At the age of fourteen, Anna fell on rain-slick pavement and injured her legs. Orthopedics being what they were at the time, the injury proved crippling, and she never recovered the full use of her legs. The Sewells were a country family, and well to do, so that Anna spent much of her youth and adulthood travelling about in a pony cart doing the charitable work that was expected of a Quaker lady.

Her love for horses is generally held to have sprung from her constant association with her ponies during this period. It's tempting to speculate on her as a sort of proto-furry, given her isolation from her peer group, and her closeness to her ponies. There's little beyond speculation to support this, however, as Sewell's surviving writings give little insight into her state of mind. She is known to have been in the habit of talking to her ponies, and at least one friend was of the opinion that Anna felt that the ponies had a basic understanding of her words, as well as a simple moral nature.
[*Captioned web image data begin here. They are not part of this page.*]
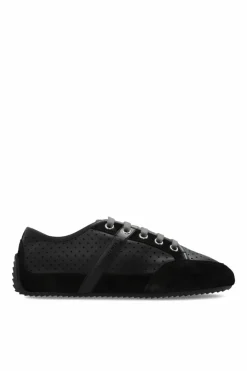 Givenchy CZARNY Buty sportowe z logo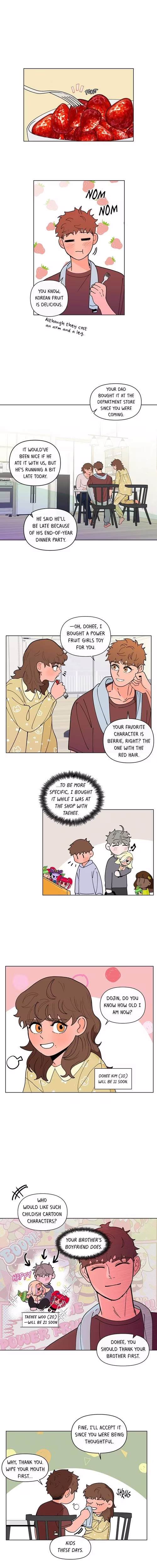 Banana Scandal - Chapter 145 - Part 3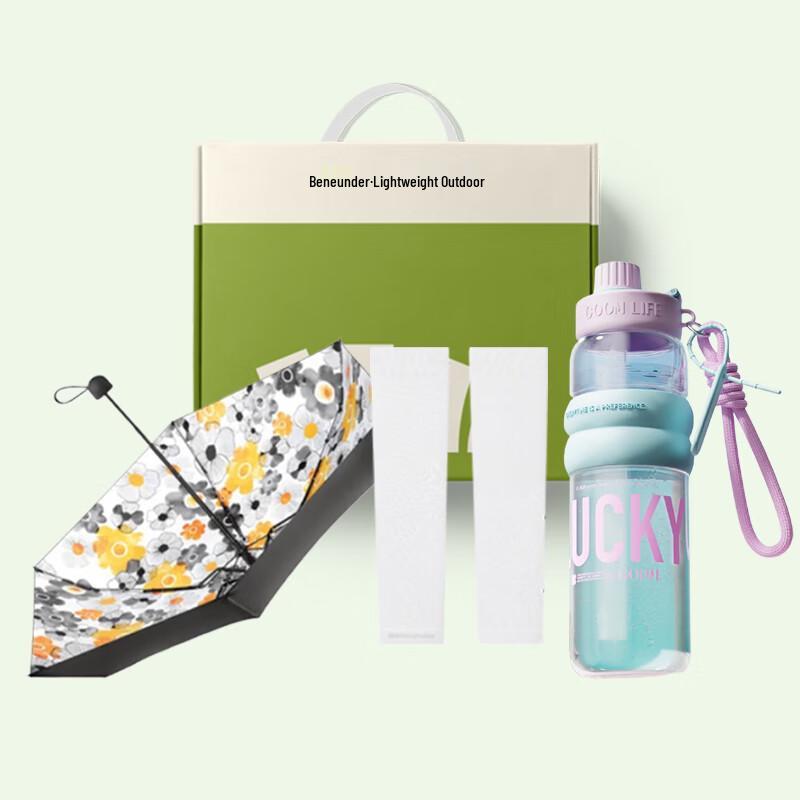 Jiaoxia Summer Sun Protection Gift Set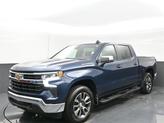 Photo of 2023 Northsky Blue Metallic Chevrolet Silverado 1500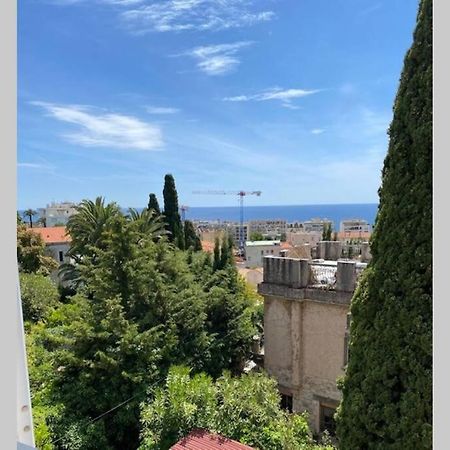 Apartament Studio Vue Mer Au Calme Proche Des Plages Nicea Zewnętrze zdjęcie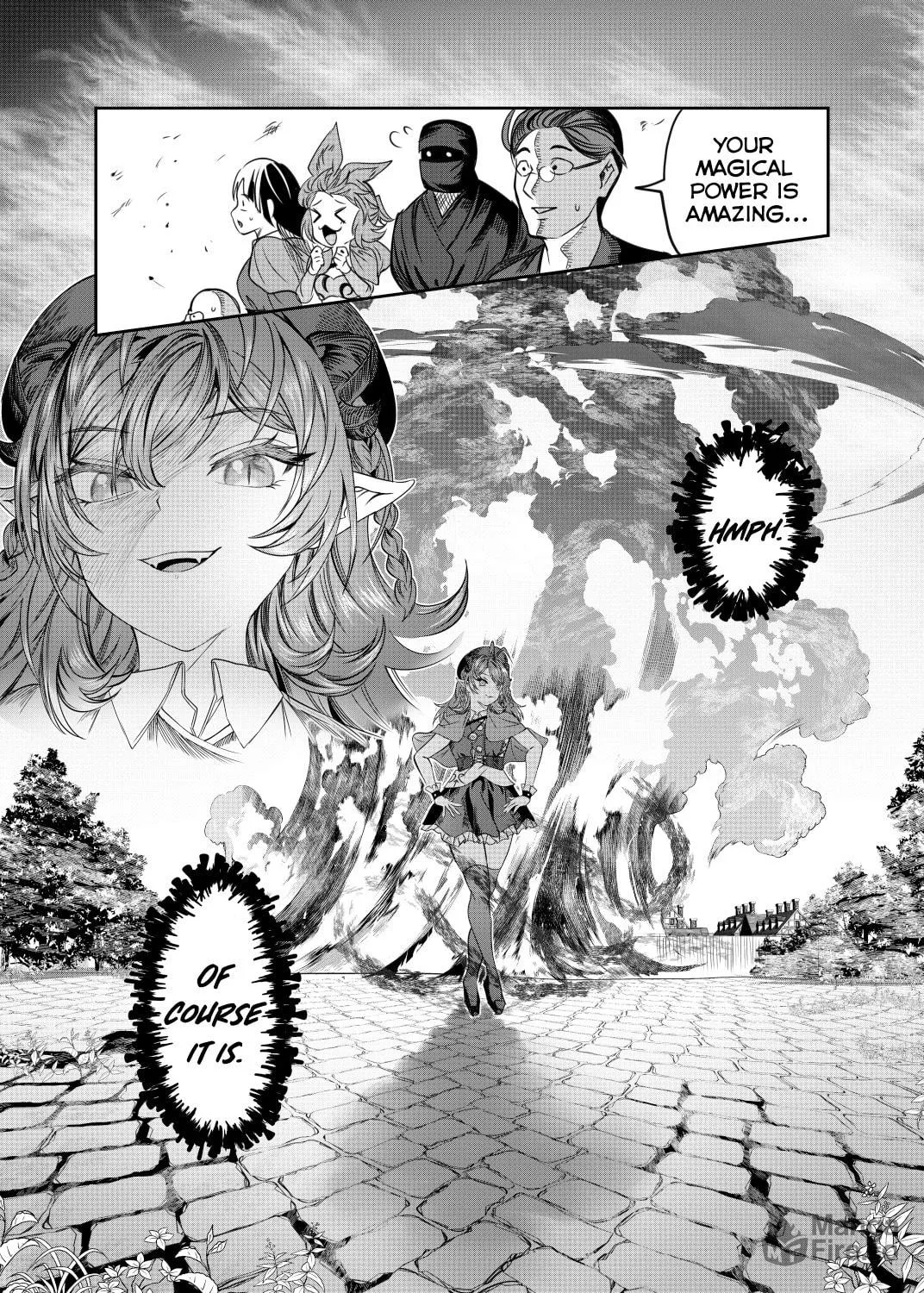 Dorei wo Choukyoushite Harem Tsukuru Chapter 47 page 6 - 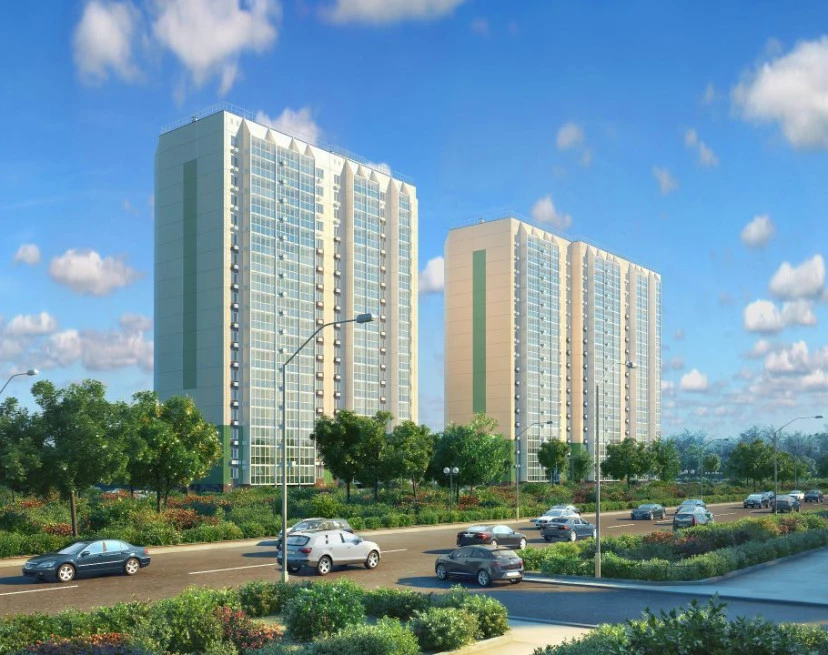 ЖК Лукоморье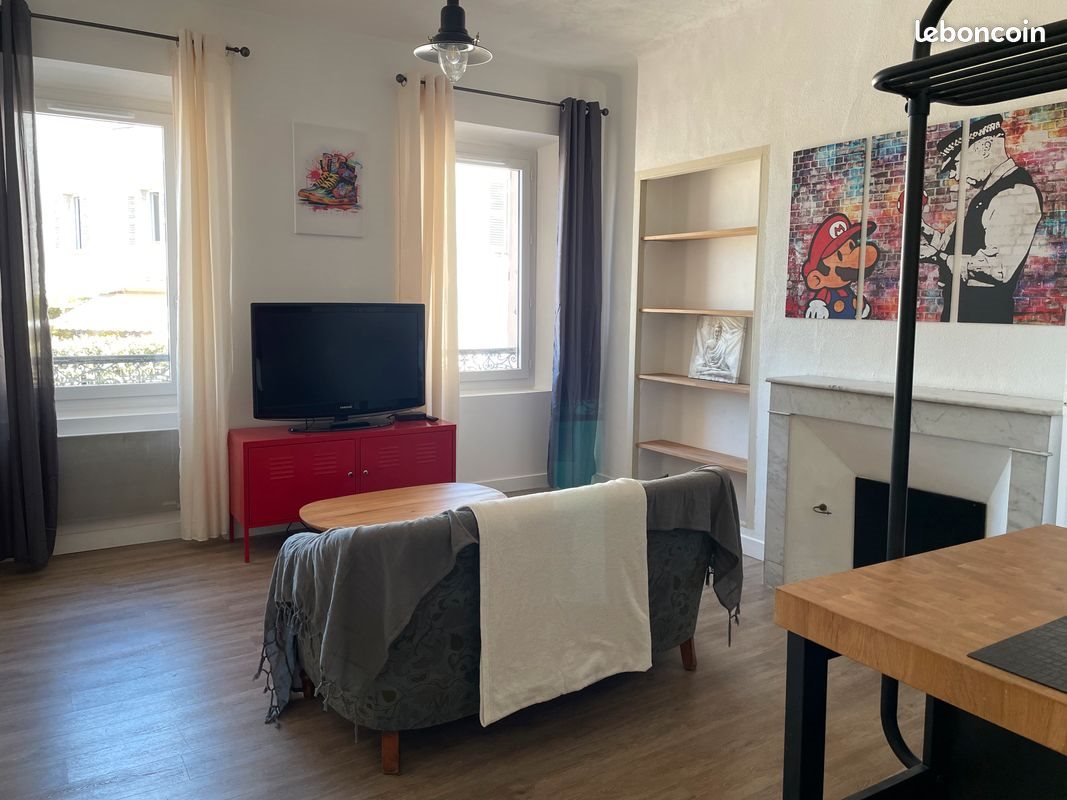 Appartement à louer, 42m², Draguignan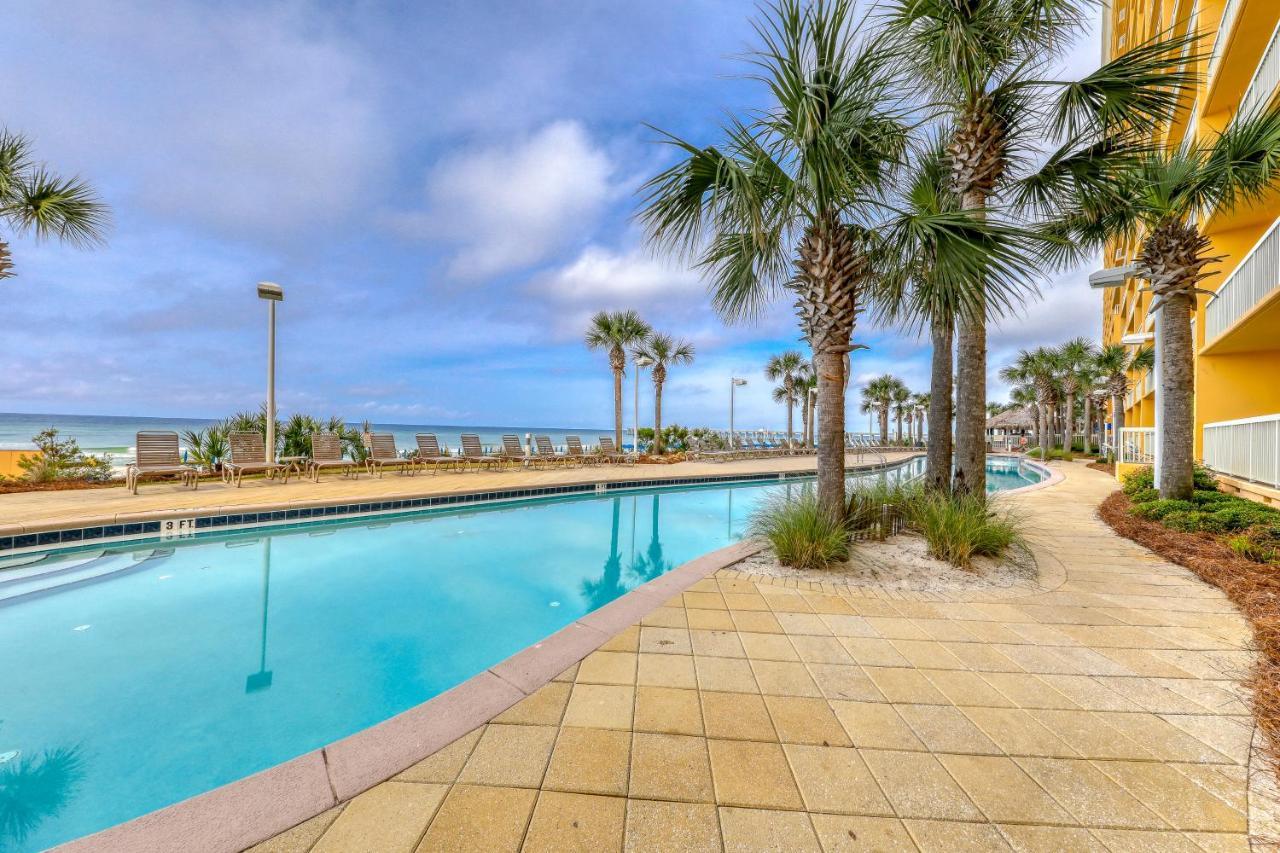 Apartmán Calypso 807E Panama City Beach Exteriér fotografie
As she aged, her health declined, and throughout her middle years she was a frequent visitor to the various spas and healing springs of Europe. This threw her into the company of some of the middle Victorian period's leading lights of philosophy, arts and literature. This undoubtedly broadened her perceptions, and shaped her views on the role of animals and the poor in society; kindness to which was already one of the tenets of Anna's Quaker faith.

By 1866 she had become too frail to remain abroad, and retired to her mother's home near Norwich. It was here in 1871 that she began to write her novel. It was written over the next six years in fits and starts, with frequent interruptions necessitated by her ill health. In November of 1877 she sold her book to a publisher, seeing it published in time for Christmas. Although today 'Black Beauty' is widely read by children, in its original publication is was intended as a social tract for people who worked with horses, and Sewell was outspoken in her hope that it would lead to better treatment for them.

Anna Sewell died in March of 1878, having lived long enough to see her novel reprinted, as it proved more popular than the publisher had at first estimated. Over the course of the next few years, Black Beauty became one of the defining cultural icons of the late Victorian age, fully the equal of the modern 'Harry Potter' phenomenon.